Zhou made a second attempt to reenter mainland China on 28 September 2008, but he was intercepted by immigration department officials at the Hong Kong Macau Ferry Terminal, on suspicion of entering Hong Kong using a counterfeited travel document. He had travelled from the United States to Macao, using a Malaysian passport purchased from a travel agent in Los Angeles. The passport was in the name of Wang Xingxiang, a known alias of Zhong Gong leader Zhang Hongbao. He had repeatedly been denied requests for an official permit to return to China by the Chinese authorities. Zhou was on his way to Sichuan to visit his ailing father. Zhou was documented in Sichuan saying he was detained on arrival in Hong Kong and then secretly handed over to Shenzhen authorities two days later. Lawyer Li Jinjin said Zhou was initially held at the No.1 Detention Center in the southern city of Shenzhen, and later transferred to the Shenzhen Yantian Detention Center. In May 2009, seven months after his arrest, Zhou's family was notified that he had been detained by Sichuan authorities on fraud charges. The indictment by prosecutors in Shehong county stated Zhou used the alias of Wang Xingxiang, and attempted to transfer money from an account at Hang Seng Bank in Hong Kong to two banks, in the city and in Australia.

His lawyer, pan-democrat legislator Albert Ho, held a press conference on 12 October 2009 during which he said his client was picked up by immigration officers, put into a van and driven across the border to mainland China against his will. Ho said that normal protocol would be to send him back to his place of origin, which in this case would be Macau or the United States. Furthermore, Ho noted that there was no agreement with the mainland on extradition, and demanded that the Hong Kong government explain why Zhou was handed over to Shenzhen authorities; he appealed to Chief Executive Donald Tsang to make available police records of the incident and to press for Zhou's release. The Hong Kong Government, speaking only in general terms, said in an official statement that "a passenger whose travel document does not meet the entry requirements will be repatriated to his or her place of embarkation or origin."

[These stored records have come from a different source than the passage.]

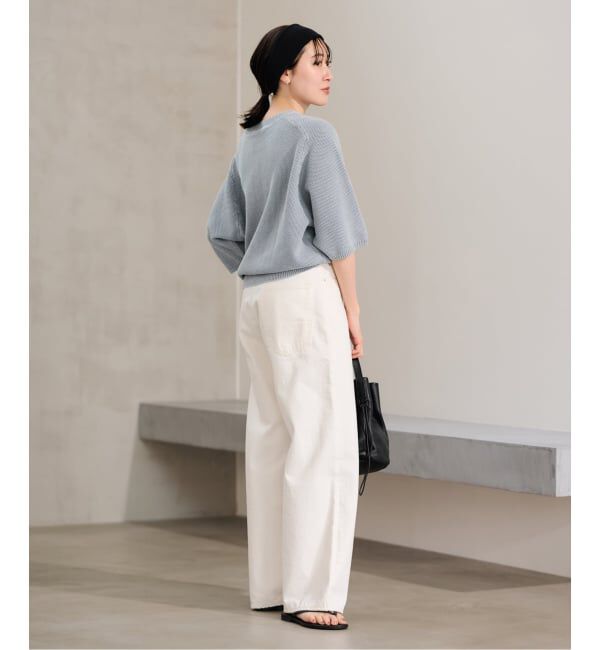 FRAMeWORK「ピグメントダイハーフスリーブニット」|ニット・セーター|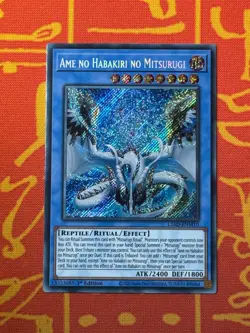 YUGIOH AME NO HABAKIRI NO MITSUGIRI SECRET RARE NM L26D-ENM10 - Image 1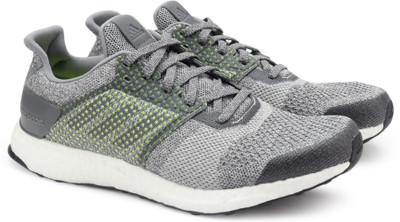 ADIDAS ULTRABOOST ST M Running Shoes For Men(Grey, Grethr/silvmt/grefiv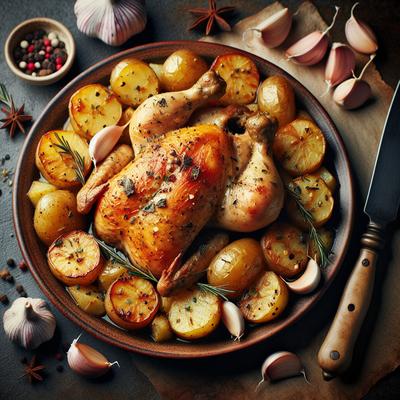 Image of 30 Minute Garlic Chicken with Potatoes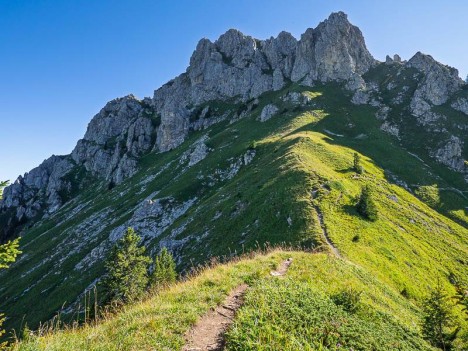 Au sommet de la Pointe de Chavasse : la Pointe de Chalune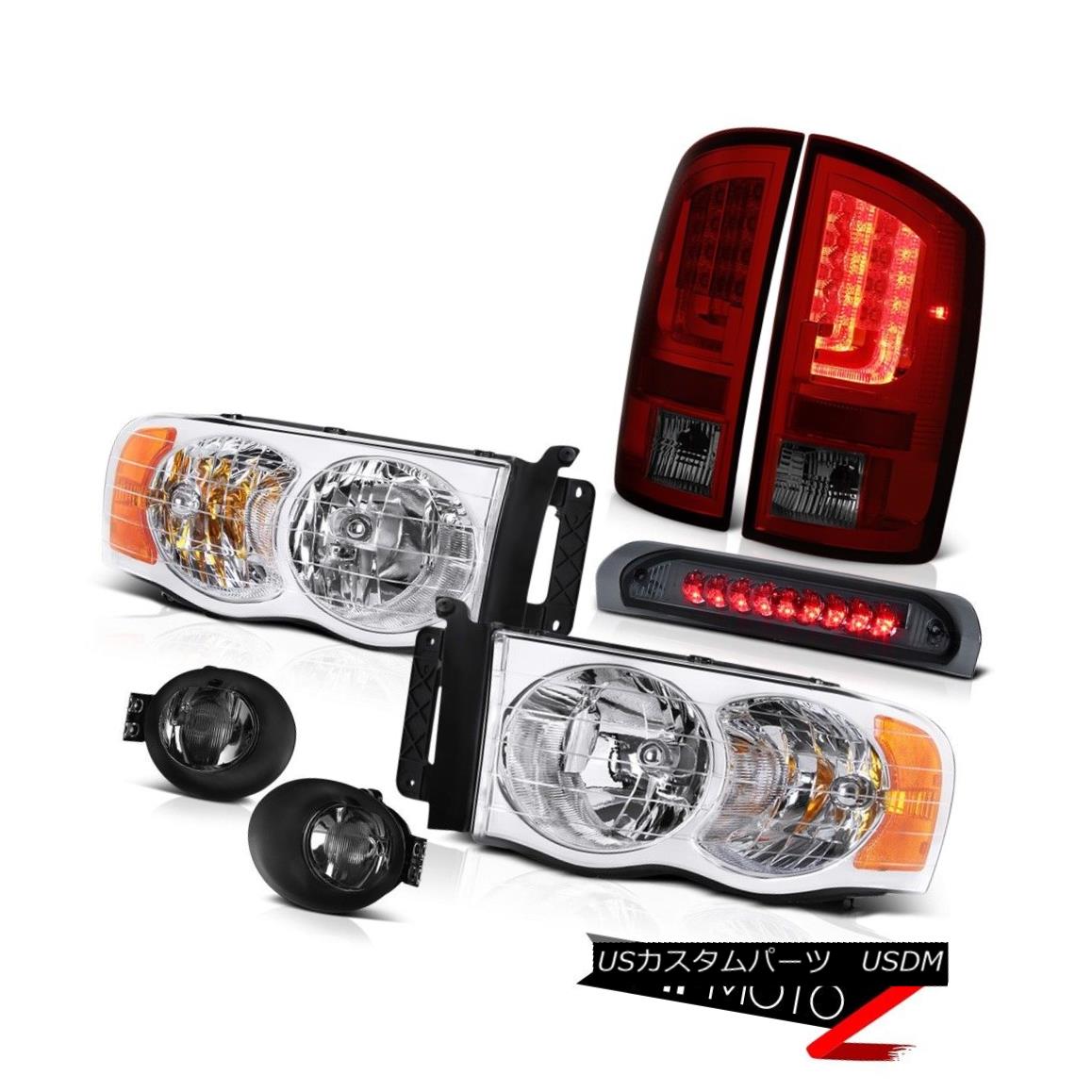 テールライト 02-05 Dodge Ram 1500 2500 WS Taillamps Foglamps Chrome Headlamps Roof Cargo Lamp 02-05 Dodge Ram 1500 2500 WSタイルランプフォグランプクロームヘッドランプ屋根貨物ランプ 【並行輸入品】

Zhou was tried in Shehong, and was sentenced to nine years in jail for a fraud attempted in Hong Kong. The Times remarked that "details of the charges against Zhou are vague, as is common in China's opaque legal system." Wang Xingxiang, the name in Zhou's bogus passport, was placed on a money laundering watch list following a complaint by the Hang Seng Bank received a suspicious request to transfer HK$6 million out of an account registered in that name. The transfer was not completed as the signature on the transfer form did not match that of the account signatory.

After Zhou was sentenced, Secretary for Security, Ambrose Lee, rejected accusations the government knowingly turned Zhou over to the mainland authorities. On the other hand, he also denied there had been any serious errors in the Hong Kong Government's handling of the incident. A South China Morning Post article on this goes on to state that "However, a person with direct knowledge of the case said immigration officers did not know Zhou's real identity when they repatriated him and that Zhou did not state that he had residency in another country when officers told him that he would be sent to the mainland."

An editorial in the South China Morning Post on 6 February 2010 said the Chinese government action appeared to be extra-territorial. It criticized the Hong Kong government for hiding behind bland statements, and urged it to defend the principle of 'One country, two systems'.

=== Fourth arrest and imprisonment (2018-2019) ===
After his release, Zhou was arrested again in 2018 under a vaguely-worded Chinese law. After his release, he announced he was too old to continue being involved in politics.